For some of the metrics there is an associated history view. These views normally allow looking into the past for about an hour or so. This is obviously unusable for long term analysis but it is all I have and at least allows investigating recent incidents. So I am using the Oracle views V$SYSMETRIC_HISTORY and V$WAITCLASSMETRIC_HISTORY to get data about the recent system and wait class metrics.

The R package ggplot2 is used to generate graphs from the data while the package RJDBC handles the database connection to Oracle. Check my R script metric.R containing the functions I wrote to create the graphs shown below.

Database time and CPU time

My R function metric.time() was used for the first diagram. The graph contains two parts with the upper part showing the time used by the Oracle instance. It is a stacked graph where the violet color represents the CPU time used by the Oracle instance while the green color accounts for the time spent waiting.

The data is displayed as seconds per second. So in this case the violet color shows that every second Oracle uses about 10 seconds of CPU time, thus indicating a demand for ten CPU cores. The green color represents the time the database has accounted as wait time. Again this shows that every second there were about 50 or 60 waiting sessions on average.

The bottom part has a graph of the CPU utilization of the server.

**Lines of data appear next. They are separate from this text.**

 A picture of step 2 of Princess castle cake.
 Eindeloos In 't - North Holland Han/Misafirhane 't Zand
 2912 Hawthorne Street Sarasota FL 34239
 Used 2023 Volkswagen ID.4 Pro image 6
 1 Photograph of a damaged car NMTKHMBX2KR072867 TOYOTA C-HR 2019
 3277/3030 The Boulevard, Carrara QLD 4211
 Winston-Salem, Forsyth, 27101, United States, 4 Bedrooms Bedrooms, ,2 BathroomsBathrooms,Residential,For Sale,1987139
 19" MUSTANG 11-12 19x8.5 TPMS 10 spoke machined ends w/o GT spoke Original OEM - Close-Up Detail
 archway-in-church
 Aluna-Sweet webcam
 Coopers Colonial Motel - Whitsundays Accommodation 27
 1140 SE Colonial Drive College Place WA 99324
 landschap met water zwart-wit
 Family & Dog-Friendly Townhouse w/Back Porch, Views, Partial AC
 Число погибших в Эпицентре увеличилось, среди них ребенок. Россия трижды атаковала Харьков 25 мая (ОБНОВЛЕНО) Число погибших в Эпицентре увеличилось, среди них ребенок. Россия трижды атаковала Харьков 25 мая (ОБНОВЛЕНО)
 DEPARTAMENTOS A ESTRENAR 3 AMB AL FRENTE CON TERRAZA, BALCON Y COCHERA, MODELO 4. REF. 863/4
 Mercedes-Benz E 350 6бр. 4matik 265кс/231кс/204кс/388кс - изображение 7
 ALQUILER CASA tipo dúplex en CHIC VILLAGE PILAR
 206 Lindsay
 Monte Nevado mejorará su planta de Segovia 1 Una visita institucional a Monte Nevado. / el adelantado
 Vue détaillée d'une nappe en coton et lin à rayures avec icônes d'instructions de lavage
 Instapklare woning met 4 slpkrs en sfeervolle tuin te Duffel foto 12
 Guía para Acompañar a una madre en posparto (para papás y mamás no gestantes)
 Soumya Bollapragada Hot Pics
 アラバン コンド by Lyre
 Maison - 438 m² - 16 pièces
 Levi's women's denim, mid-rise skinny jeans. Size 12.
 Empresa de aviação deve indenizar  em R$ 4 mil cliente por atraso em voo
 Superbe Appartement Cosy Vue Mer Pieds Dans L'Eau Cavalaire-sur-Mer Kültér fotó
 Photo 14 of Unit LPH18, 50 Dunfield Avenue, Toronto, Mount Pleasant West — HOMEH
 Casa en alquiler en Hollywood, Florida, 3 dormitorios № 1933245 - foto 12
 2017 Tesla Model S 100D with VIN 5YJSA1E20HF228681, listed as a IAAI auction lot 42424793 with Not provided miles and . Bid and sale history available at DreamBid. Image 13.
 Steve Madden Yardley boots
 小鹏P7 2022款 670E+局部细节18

In this example the server has been busy between 45% and almost 80%. This includes not just the Oracle instance itself but all processes running on the server.

Both graphs share the time axis and therefore allow an easy correlation between CPU utilization and Oracle CPU demand.

diagram of database and CPU time

Database wait class time

My R function metric.waitclass() generates another graph. The example below (this time from another instance) shows the wait times broken down by wait classes. Wait classes are used by Oracle to group the large number of wait events and create understandable clusters. You can check V$EVENT_NAME for the mapping. The data here is also displayed as waited seconds per second. The wait class Idle has been omitted from the diagram altogether.

It is easy to see that user I/O contributes the biggest part. The wait class Network mostly contains access to remote databases over database links. Problems on the remote database would be visible here. The sudden peak in the Administrative class was caused by rman saving archived logs to tape.

diagram of database wait class time